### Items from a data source
+ + + + + + +

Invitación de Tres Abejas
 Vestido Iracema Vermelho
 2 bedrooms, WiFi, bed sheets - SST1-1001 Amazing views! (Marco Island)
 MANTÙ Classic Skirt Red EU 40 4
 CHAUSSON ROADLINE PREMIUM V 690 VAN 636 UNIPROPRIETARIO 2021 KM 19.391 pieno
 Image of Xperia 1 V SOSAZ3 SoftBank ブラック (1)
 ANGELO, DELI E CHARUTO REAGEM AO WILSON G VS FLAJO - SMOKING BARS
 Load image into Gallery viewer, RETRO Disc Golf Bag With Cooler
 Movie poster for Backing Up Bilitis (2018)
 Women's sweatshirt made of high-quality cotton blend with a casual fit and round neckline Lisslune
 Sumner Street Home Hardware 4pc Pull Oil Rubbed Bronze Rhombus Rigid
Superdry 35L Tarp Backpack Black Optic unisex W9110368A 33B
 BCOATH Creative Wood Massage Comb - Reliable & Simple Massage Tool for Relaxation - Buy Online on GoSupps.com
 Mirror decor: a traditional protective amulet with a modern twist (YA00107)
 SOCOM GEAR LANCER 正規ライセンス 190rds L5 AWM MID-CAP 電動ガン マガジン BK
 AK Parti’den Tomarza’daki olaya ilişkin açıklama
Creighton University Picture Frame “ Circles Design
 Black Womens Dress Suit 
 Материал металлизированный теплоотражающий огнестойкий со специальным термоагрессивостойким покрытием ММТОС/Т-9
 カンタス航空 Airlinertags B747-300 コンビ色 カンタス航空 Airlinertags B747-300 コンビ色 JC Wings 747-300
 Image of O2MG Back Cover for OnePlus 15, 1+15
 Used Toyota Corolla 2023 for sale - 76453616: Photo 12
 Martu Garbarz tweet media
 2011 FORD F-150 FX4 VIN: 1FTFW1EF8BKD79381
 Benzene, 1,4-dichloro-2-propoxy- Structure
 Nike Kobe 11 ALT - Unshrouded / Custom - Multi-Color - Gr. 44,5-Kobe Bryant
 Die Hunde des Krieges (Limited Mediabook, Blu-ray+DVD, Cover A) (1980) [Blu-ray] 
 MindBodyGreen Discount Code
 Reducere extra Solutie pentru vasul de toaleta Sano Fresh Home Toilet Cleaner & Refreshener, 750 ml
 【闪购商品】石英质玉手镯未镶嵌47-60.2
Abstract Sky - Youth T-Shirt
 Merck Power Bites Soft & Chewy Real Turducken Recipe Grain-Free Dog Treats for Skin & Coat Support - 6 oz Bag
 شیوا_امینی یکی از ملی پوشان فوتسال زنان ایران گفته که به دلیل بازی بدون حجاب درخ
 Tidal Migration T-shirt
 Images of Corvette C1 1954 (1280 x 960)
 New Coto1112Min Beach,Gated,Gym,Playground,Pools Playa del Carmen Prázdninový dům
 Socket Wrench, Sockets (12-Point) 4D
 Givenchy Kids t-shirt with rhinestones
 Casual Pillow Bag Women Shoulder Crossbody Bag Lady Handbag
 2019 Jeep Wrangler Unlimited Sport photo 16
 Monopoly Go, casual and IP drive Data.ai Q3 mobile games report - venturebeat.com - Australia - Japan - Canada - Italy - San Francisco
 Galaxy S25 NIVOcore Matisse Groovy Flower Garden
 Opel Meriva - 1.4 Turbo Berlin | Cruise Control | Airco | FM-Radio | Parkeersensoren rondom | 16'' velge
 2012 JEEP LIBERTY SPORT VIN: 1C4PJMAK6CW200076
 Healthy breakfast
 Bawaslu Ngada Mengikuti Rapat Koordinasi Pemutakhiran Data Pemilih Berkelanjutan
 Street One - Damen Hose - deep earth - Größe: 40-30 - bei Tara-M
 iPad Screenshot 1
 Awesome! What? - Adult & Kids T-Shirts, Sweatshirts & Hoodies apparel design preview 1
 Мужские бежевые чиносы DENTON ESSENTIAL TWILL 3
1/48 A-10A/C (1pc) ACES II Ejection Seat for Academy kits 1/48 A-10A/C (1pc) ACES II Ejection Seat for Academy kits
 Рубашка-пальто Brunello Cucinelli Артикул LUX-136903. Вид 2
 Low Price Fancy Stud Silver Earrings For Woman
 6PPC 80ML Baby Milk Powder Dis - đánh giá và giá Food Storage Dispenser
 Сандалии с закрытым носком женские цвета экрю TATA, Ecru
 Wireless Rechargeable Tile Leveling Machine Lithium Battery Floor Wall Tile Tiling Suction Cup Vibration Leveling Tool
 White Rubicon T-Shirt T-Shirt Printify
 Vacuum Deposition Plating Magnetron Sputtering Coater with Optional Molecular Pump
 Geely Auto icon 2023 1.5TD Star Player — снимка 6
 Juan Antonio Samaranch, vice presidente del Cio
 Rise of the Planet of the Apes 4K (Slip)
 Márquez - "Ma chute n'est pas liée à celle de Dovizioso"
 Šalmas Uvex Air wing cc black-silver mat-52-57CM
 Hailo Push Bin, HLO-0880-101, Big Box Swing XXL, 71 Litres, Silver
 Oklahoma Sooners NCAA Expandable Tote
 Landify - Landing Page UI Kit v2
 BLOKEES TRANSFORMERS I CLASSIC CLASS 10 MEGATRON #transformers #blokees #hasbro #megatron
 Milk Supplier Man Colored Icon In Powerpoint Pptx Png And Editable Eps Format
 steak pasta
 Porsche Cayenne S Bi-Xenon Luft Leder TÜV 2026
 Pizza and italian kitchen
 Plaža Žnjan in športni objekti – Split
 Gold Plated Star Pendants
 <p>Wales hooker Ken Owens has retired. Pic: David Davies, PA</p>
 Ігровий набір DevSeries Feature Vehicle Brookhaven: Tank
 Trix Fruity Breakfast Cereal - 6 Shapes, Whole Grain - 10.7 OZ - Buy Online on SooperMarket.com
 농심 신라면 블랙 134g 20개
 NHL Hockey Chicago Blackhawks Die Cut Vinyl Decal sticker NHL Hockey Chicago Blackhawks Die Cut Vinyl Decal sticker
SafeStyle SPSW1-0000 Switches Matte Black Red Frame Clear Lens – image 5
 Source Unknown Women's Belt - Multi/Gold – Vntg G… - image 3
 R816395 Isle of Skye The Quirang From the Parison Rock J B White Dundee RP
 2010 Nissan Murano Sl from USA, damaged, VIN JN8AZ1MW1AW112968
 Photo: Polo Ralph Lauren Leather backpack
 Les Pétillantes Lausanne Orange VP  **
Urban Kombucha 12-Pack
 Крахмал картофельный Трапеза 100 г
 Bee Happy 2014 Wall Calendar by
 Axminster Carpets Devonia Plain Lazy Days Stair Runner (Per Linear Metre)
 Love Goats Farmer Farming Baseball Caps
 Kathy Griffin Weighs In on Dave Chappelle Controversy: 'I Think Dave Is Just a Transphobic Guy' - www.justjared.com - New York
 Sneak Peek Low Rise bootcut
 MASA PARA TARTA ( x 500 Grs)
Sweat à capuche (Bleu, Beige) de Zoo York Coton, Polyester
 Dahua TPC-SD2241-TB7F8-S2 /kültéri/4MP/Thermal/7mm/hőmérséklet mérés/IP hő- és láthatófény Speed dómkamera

+ + + + + + +

### WHAT IS EXPECTED
Copy each line of the data exactly, leaving nothing out.

### SOLUTION TO THIS TASK
Invitación de Tres Abejas
 Vestido Iracema Vermelho
 2 bedrooms, WiFi, bed sheets - SST1-1001 Amazing views! (Marco Island)
 MANTÙ Classic Skirt Red EU 40 4
 CHAUSSON ROADLINE PREMIUM V 690 VAN 636 UNIPROPRIETARIO 2021 KM 19.391 pieno
 Image of Xperia 1 V SOSAZ3 SoftBank ブラック (1)
 ANGELO, DELI E CHARUTO REAGEM AO WILSON G VS FLAJO - SMOKING BARS
 Load image into Gallery viewer, RETRO Disc Golf Bag With Cooler
 Movie poster for Backing Up Bilitis (2018)
 Women's sweatshirt made of high-quality cotton blend with a casual fit and round neckline Lisslune
 Sumner Street Home Hardware 4pc Pull Oil Rubbed Bronze Rhombus Rigid
Superdry 35L Tarp Backpack Black Optic unisex W9110368A 33B
 BCOATH Creative Wood Massage Comb - Reliable & Simple Massage Tool for Relaxation - Buy Online on GoSupps.com
 Mirror decor: a traditional protective amulet with a modern twist (YA00107)
 SOCOM GEAR LANCER 正規ライセンス 190rds L5 AWM MID-CAP 電動ガン マガジン BK
 AK Parti’den Tomarza’daki olaya ilişkin açıklama
Creighton University Picture Frame “ Circles Design
 Black Womens Dress Suit 
 Материал металлизированный теплоотражающий огнестойкий со специальным термоагрессивостойким покрытием ММТОС/Т-9
 カンタス航空 Airlinertags B747-300 コンビ色 カンタス航空 Airlinertags B747-300 コンビ色 JC Wings 747-300
 Image of O2MG Back Cover for OnePlus 15, 1+15
 Used Toyota Corolla 2023 for sale - 76453616: Photo 12
 Martu Garbarz tweet media
 2011 FORD F-150 FX4 VIN: 1FTFW1EF8BKD79381
 Benzene, 1,4-dichloro-2-propoxy- Structure
 Nike Kobe 11 ALT - Unshrouded / Custom - Multi-Color - Gr. 44,5-Kobe Bryant
 Die Hunde des Krieges (Limited Mediabook, Blu-ray+DVD, Cover A) (1980) [Blu-ray] 
 MindBodyGreen Discount Code
 Reducere extra Solutie pentru vasul de toaleta Sano Fresh Home Toilet Cleaner & Refreshener, 750 ml
 【闪购商品】石英质玉手镯未镶嵌47-60.2
Abstract Sky - Youth T-Shirt
 Merck Power Bites Soft & Chewy Real Turducken Recipe Grain-Free Dog Treats for Skin & Coat Support - 6 oz Bag
 شیوا_امینی یکی از ملی پوشان فوتسال زنان ایران گفته که به دلیل بازی بدون حجاب درخ
 Tidal Migration T-shirt
 Images of Corvette C1 1954 (1280 x 960)
 New Coto1112Min Beach,Gated,Gym,Playground,Pools Playa del Carmen Prázdninový dům
 Socket Wrench, Sockets (12-Point) 4D
 Givenchy Kids t-shirt with rhinestones
 Casual Pillow Bag Women Shoulder Crossbody Bag Lady Handbag
 2019 Jeep Wrangler Unlimited Sport photo 16
 Monopoly Go, casual and IP drive Data.ai Q3 mobile games report - venturebeat.com - Australia - Japan - Canada - Italy - San Francisco
 Galaxy S25 NIVOcore Matisse Groovy Flower Garden
 Opel Meriva - 1.4 Turbo Berlin | Cruise Control | Airco | FM-Radio | Parkeersensoren rondom | 16'' velge
 2012 JEEP LIBERTY SPORT VIN: 1C4PJMAK6CW200076
 Healthy breakfast
 Bawaslu Ngada Mengikuti Rapat Koordinasi Pemutakhiran Data Pemilih Berkelanjutan
 Street One - Damen Hose - deep earth - Größe: 40-30 - bei Tara-M
 iPad Screenshot 1
 Awesome! What? - Adult & Kids T-Shirts, Sweatshirts & Hoodies apparel design preview 1
 Мужские бежевые чиносы DENTON ESSENTIAL TWILL 3
1/48 A-10A/C (1pc) ACES II Ejection Seat for Academy kits 1/48 A-10A/C (1pc) ACES II Ejection Seat for Academy kits
 Рубашка-пальто Brunello Cucinelli Артикул LUX-136903. Вид 2
 Low Price Fancy Stud Silver Earrings For Woman
 6PPC 80ML Baby Milk Powder Dis - đánh giá và giá Food Storage Dispenser
 Сандалии с закрытым носком женские цвета экрю TATA, Ecru
 Wireless Rechargeable Tile Leveling Machine Lithium Battery Floor Wall Tile Tiling Suction Cup Vibration Leveling Tool
 White Rubicon T-Shirt T-Shirt Printify
 Vacuum Deposition Plating Magnetron Sputtering Coater with Optional Molecular Pump
 Geely Auto icon 2023 1.5TD Star Player — снимка 6
 Juan Antonio Samaranch, vice presidente del Cio
 Rise of the Planet of the Apes 4K (Slip)
 Márquez - "Ma chute n'est pas liée à celle de Dovizioso"
 Šalmas Uvex Air wing cc black-silver mat-52-57CM
 Hailo Push Bin, HLO-0880-101, Big Box Swing XXL, 71 Litres, Silver
 Oklahoma Sooners NCAA Expandable Tote
 Landify - Landing Page UI Kit v2
 BLOKEES TRANSFORMERS I CLASSIC CLASS 10 MEGATRON #transformers #blokees #hasbro #megatron
 Milk Supplier Man Colored Icon In Powerpoint Pptx Png And Editable Eps Format
 steak pasta
 Porsche Cayenne S Bi-Xenon Luft Leder TÜV 2026
 Pizza and italian kitchen
 Plaža Žnjan in športni objekti – Split
 Gold Plated Star Pendants
 <p>Wales hooker Ken Owens has retired. Pic: David Davies, PA</p>
 Ігровий набір DevSeries Feature Vehicle Brookhaven: Tank
 Trix Fruity Breakfast Cereal - 6 Shapes, Whole Grain - 10.7 OZ - Buy Online on SooperMarket.com
 농심 신라면 블랙 134g 20개
 NHL Hockey Chicago Blackhawks Die Cut Vinyl Decal sticker NHL Hockey Chicago Blackhawks Die Cut Vinyl Decal sticker
SafeStyle SPSW1-0000 Switches Matte Black Red Frame Clear Lens – image 5
 Source Unknown Women's Belt - Multi/Gold – Vntg G… - image 3
 R816395 Isle of Skye The Quirang From the Parison Rock J B White Dundee RP
 2010 Nissan Murano Sl from USA, damaged, VIN JN8AZ1MW1AW112968
 Photo: Polo Ralph Lauren Leather backpack
 Les Pétillantes Lausanne Orange VP  **
Urban Kombucha 12-Pack
 Крахмал картофельный Трапеза 100 г
 Bee Happy 2014 Wall Calendar by
 Axminster Carpets Devonia Plain Lazy Days Stair Runner (Per Linear Metre)
 Love Goats Farmer Farming Baseball Caps
 Kathy Griffin Weighs In on Dave Chappelle Controversy: 'I Think Dave Is Just a Transphobic Guy' - www.justjared.com - New York
 Sneak Peek Low Rise bootcut
 MASA PARA TARTA ( x 500 Grs)
Sweat à capuche (Bleu, Beige) de Zoo York Coton, Polyester
 Dahua TPC-SD2241-TB7F8-S2 /kültéri/4MP/Thermal/7mm/hőmérséklet mérés/IP hő- és láthatófény Speed dómkamera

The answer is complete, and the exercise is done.